Sunday Bloody Sunday played, and I could smell the lingering odor of stale beer in Matt's car and see his fingers drumming the steering wheel of his Camaro on our way to school. Bad came on, and I could feel the squeak of the seat and smell the rubbery scent of a school bus in the dark on the way home from a swim meet. As Where the Streets Have No Name ramped up, I could hear the roar of the crowd in Cleveland Municipal Stadium and feel the excitement in my chest at the opening song of The Joshua Tree tour.
I listened to these favorite songs, associated with some of the best memories of my teenage years, and felt a heaviness in my chest akin to sadness. The music caused such strange, disconnected reactions--happiness in my head and heaviness in my heart--that I spent much of the afternoon trying to deduce the cause. I finally realized that the heaviness I felt wasn't sadness, but melancholy. Perhaps angst. The songs not only immediately brought back the sights, sounds, and smells of high school, but the emotions of high school as well. Egad.

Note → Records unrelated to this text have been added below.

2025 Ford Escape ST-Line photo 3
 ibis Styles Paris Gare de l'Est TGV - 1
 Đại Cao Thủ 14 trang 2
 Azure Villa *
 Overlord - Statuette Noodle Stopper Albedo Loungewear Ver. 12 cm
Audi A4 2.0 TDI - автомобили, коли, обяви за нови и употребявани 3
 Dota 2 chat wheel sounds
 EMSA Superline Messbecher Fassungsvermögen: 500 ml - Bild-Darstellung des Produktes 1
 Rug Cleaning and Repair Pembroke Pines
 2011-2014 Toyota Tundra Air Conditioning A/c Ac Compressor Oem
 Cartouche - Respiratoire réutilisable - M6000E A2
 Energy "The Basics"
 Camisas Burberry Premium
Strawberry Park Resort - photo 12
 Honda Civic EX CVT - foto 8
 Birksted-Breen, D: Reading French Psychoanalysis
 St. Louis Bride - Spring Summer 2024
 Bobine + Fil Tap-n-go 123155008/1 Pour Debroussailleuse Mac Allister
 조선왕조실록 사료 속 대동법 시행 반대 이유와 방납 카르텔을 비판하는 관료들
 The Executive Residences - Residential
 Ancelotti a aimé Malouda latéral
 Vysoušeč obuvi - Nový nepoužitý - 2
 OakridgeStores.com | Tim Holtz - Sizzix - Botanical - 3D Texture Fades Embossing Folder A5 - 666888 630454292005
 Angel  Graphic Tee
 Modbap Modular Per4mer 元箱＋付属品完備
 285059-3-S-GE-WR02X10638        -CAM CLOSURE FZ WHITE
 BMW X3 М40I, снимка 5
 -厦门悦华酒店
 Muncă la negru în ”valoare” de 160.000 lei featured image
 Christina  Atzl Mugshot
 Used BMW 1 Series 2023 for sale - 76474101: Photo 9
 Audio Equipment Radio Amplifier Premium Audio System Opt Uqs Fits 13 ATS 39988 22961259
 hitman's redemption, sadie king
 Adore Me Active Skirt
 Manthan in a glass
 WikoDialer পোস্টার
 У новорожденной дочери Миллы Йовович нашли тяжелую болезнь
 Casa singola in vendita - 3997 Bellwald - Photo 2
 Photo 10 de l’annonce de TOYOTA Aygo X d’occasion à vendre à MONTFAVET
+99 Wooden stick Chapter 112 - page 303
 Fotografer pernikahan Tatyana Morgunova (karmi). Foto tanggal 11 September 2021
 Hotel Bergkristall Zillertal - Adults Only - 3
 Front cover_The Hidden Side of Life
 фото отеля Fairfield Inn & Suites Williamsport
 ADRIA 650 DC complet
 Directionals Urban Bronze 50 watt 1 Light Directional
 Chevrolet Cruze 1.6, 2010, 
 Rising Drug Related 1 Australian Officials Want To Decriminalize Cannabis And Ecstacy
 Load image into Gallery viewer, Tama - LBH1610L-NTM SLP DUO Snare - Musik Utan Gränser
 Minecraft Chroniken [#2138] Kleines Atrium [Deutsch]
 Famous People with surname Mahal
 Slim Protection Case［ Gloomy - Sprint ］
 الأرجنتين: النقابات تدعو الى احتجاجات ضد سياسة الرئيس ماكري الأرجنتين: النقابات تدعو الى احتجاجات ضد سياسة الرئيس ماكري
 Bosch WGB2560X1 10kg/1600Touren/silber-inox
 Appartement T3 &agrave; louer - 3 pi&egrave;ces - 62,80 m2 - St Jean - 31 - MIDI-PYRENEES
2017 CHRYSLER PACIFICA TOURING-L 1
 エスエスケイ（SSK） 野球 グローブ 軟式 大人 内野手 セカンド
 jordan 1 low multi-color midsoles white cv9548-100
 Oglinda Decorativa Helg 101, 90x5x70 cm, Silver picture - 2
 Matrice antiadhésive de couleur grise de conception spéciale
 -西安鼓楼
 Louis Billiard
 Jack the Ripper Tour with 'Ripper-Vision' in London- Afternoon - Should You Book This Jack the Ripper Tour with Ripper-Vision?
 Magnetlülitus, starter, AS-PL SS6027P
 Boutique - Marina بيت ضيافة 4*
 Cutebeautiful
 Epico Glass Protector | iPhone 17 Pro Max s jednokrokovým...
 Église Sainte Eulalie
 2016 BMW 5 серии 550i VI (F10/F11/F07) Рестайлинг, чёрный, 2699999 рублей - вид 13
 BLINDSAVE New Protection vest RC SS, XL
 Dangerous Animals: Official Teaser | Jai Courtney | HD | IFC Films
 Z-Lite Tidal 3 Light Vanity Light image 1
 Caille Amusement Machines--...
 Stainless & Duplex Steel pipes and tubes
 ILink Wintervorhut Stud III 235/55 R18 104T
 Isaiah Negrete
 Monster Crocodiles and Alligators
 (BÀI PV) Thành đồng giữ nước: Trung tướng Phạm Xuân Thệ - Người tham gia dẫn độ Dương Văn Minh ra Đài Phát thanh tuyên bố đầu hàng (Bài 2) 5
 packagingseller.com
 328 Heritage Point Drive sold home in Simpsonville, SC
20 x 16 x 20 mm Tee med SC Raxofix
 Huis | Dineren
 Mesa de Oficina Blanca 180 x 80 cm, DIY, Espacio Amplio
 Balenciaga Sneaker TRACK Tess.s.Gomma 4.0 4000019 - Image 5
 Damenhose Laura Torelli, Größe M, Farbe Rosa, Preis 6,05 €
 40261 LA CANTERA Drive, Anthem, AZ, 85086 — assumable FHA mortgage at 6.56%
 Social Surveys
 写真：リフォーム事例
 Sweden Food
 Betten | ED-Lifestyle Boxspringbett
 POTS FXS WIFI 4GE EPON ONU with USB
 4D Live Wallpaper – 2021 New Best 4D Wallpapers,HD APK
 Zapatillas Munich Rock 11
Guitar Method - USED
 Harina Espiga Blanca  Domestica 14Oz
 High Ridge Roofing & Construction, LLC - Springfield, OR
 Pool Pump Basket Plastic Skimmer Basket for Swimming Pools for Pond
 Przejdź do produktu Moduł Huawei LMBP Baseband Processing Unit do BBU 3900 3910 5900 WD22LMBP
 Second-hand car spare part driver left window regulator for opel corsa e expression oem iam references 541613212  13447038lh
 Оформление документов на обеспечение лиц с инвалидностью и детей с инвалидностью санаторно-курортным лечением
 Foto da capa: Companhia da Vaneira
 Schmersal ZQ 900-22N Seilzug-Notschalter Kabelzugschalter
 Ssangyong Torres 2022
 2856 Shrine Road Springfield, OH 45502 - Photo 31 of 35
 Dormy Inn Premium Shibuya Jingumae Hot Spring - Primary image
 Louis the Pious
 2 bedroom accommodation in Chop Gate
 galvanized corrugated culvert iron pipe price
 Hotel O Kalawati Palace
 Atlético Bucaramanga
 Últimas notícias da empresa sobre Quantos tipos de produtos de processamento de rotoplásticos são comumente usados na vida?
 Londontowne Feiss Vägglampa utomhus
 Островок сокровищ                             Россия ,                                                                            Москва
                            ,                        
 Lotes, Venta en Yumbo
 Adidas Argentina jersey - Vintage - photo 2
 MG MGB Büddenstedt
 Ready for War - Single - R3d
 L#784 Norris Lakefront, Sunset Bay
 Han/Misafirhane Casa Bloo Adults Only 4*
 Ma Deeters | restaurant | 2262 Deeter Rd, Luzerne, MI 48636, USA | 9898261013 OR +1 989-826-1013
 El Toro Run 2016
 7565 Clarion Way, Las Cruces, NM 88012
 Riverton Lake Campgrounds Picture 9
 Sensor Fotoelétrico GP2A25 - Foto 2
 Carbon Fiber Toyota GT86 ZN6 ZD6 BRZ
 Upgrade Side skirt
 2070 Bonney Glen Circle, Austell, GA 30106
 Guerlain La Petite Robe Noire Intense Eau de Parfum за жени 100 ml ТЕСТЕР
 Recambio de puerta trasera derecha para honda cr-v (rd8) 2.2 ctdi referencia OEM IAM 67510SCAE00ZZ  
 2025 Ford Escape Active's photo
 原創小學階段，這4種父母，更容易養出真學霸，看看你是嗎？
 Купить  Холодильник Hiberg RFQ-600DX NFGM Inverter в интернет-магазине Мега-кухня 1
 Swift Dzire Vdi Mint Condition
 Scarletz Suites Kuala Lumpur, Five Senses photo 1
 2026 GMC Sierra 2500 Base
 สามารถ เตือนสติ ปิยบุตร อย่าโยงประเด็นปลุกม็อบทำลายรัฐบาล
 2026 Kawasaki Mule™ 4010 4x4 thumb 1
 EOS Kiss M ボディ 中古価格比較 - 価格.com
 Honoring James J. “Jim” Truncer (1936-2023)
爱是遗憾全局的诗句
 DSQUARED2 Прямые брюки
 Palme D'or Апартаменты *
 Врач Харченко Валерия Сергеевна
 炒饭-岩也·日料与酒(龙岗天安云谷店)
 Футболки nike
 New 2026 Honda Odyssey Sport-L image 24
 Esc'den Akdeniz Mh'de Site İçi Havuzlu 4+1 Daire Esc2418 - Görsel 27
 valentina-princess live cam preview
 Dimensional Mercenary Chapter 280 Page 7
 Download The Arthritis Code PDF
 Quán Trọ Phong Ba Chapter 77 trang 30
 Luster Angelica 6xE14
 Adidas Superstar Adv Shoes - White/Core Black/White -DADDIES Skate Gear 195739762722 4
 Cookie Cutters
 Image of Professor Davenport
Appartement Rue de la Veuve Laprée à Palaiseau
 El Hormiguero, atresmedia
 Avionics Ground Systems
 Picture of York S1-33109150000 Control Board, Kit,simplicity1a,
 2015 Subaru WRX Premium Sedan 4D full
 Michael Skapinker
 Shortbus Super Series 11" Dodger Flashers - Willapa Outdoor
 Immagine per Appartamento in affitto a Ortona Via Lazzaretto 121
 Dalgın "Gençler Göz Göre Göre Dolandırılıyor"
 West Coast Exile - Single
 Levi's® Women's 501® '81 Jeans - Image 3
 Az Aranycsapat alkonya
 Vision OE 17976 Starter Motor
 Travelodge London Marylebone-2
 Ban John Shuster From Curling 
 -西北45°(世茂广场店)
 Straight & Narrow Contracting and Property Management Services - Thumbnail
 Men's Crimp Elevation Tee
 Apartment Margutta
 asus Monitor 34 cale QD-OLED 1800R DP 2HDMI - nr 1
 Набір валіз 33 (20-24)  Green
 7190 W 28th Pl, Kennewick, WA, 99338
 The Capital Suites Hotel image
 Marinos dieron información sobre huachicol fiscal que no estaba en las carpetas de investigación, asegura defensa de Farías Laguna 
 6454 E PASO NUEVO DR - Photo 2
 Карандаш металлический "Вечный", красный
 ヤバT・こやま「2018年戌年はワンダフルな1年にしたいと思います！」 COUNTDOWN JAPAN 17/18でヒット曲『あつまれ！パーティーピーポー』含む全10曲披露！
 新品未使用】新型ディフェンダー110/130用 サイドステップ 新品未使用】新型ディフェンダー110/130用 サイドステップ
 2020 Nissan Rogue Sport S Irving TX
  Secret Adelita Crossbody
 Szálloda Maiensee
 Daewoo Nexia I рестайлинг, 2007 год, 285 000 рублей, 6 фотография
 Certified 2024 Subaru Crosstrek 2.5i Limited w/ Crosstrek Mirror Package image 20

I suppose it was the hormones. In my mind, high school is synonymous with strong feelings. Every emotion was intense. Intense joy or intense pain. Intense love or intense anxiety. It didn't matter what it was; it was always intense and emotional.
Until now, I've never considered myself to have been an angst-ridden teenager. Then I looked up the definition of angst and realized that all teenagers are angst-ridden.
1. A feeling of deep anxiety or dread, typically an unfocused one about the human condition or the state of the world in general.
2. A feeling of persistent worry about something trivial.
Sure, a fair number of teenagers suffer from the first definition, but isn't the latter the very essence of the teenage years?
There's the familiar mental chorus of: Does he like me? Does he like her better? Does he love me? Does he still love me? Does he love me as much as I love him? Did he or didn't he?
Followed intermittently with: Why isn't she talking to me? Does she hate me? Will she make other people hate me? Are we still friends? Is she going to tell all my secrets? Why are we fighting?
Then again, maybe that was only my particular mental chorus. Regardless, I'm fairly certain that a variation of that tune is the universal teenage condition. I don't know what gave you a heavy heart in high school, but odds are that it included "a feeling of persistent worry about something trivial."
Now that I am an adult, I have many non-trivial things to worry about and no time to waste worrying about trivial matters. Despite this, I have little to no angst. I am on an emotional even keel. My heart is light and I'm thrilled to be well-past the teenage years. Now, if I could only disengage my teenage heart from U2's playlist, I'd really like to enjoy my favorite band again.